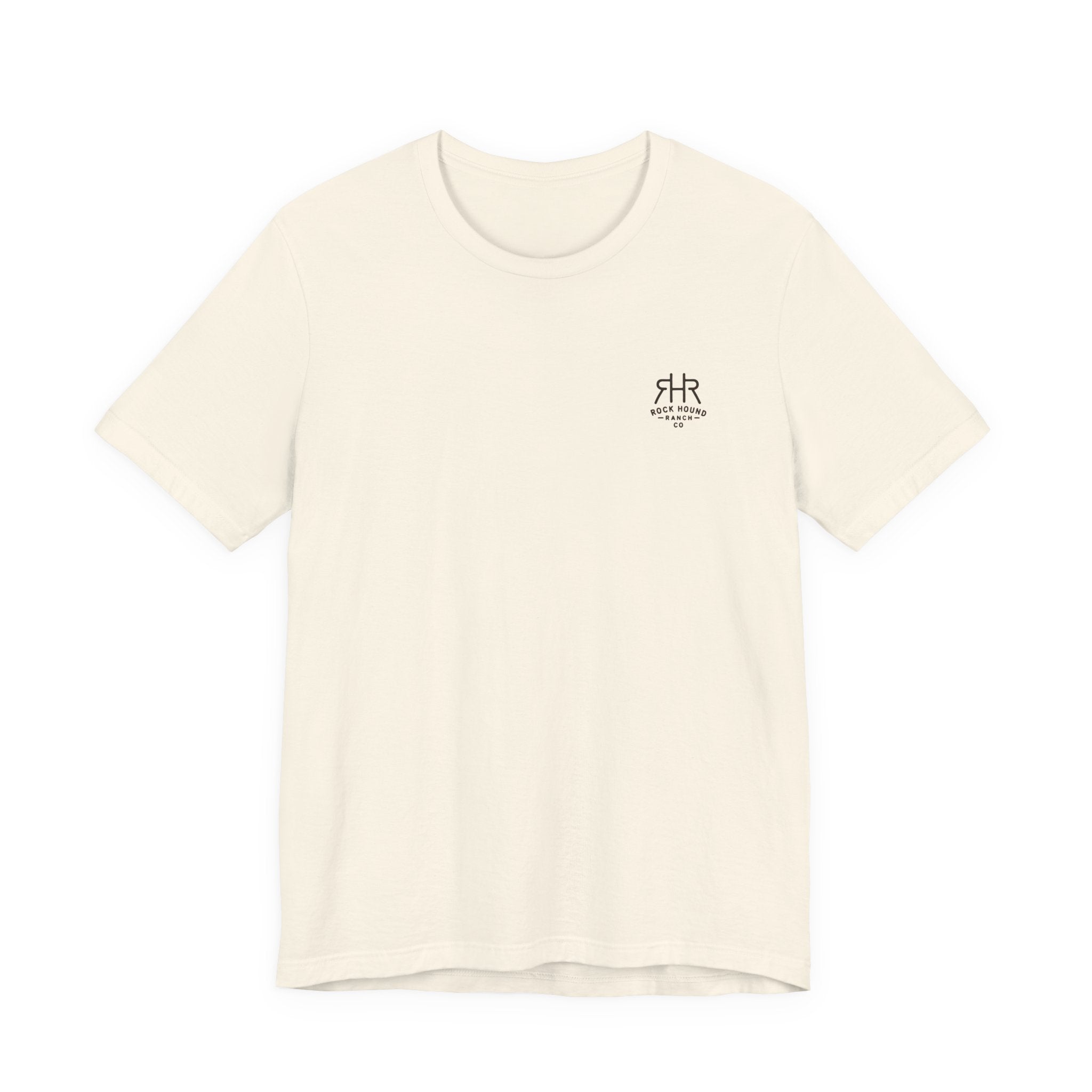 Rooted in the Simple Life T‑Shirt — Country Farm Vintage Graphic Tee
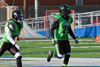 Dayton Hornets vs Ohio Valley Saints p1 - Picture 30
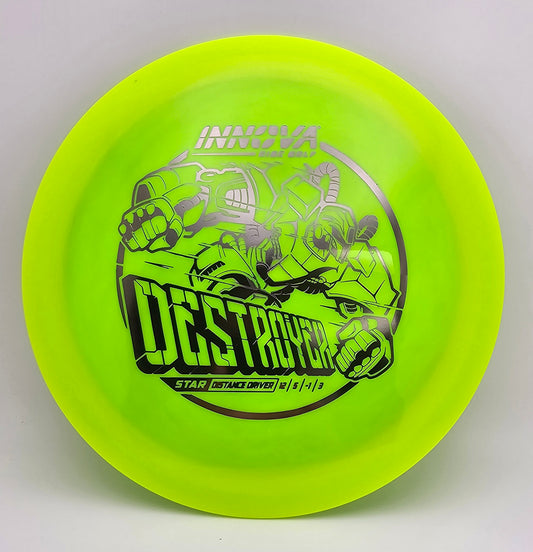 Star Destroyer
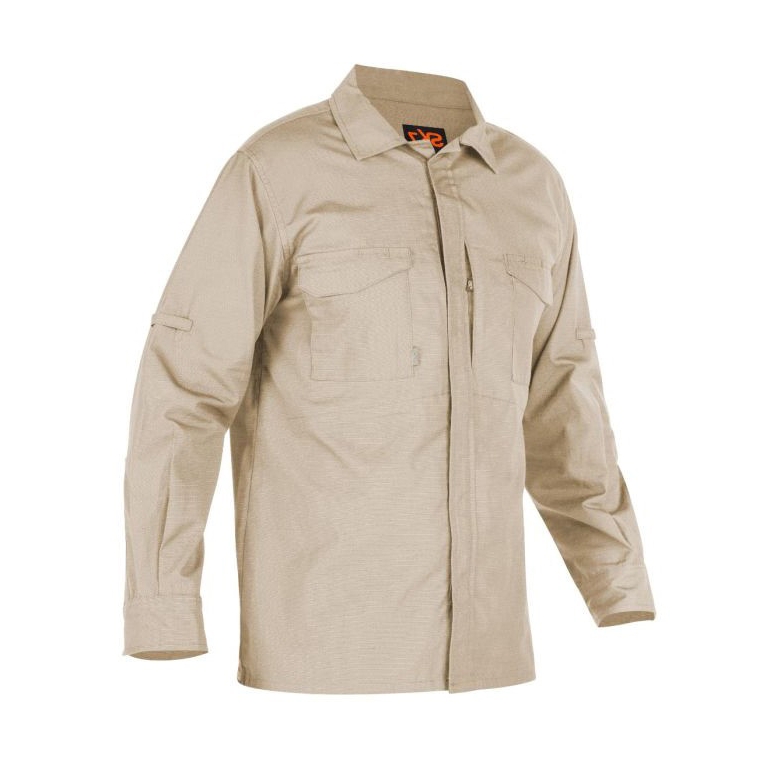 SK7 Tactical Wear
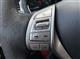 Billede af Nissan Pulsar 1,2 Dig-T Acenta 115HK 5d 6g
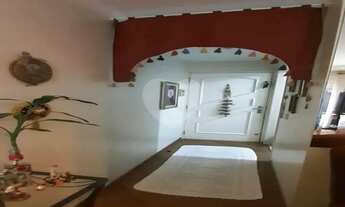 Imagem 7: Apartamento à venda com 2 quartos no condomínio Altos do Butantã Club Condominium, São Pau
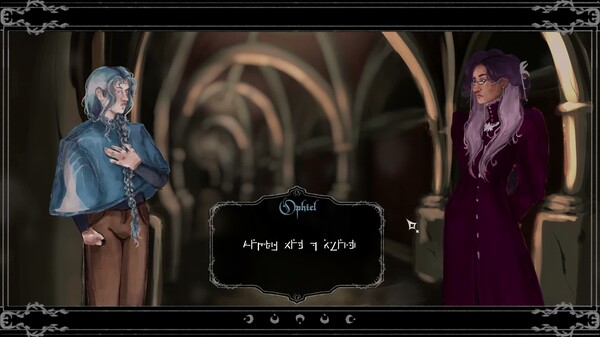 Gameplay trailer thumbnail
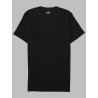 T-SHIRT IN COTONE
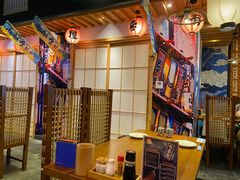 -有喜屋·深夜食堂(环宇荟店)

☆ ☆ ☆ ☆ ☆ ☆ ☆

**Requirement**
Leaving pictures aside, write out each record above exactly as given.

**Result for this task**
 Rooted in the Simple Life T‑Shirt — Country Farm Vintage Graphic Tee
 Dayton Hornets vs Ohio Valley Saints p1 - Picture 30
 Star Destroyer
 SK7 Tactical Wear
 Billede af Nissan Pulsar 1,2 Dig-T Acenta 115HK 5d 6g
 Imagem 7: Apartamento à venda com 2 quartos no condomínio Altos do Butantã Club Condominium, São Pau
 Gameplay trailer thumbnail
 T-SHIRT IN COTONE
 -有喜屋·深夜食堂(环宇荟店)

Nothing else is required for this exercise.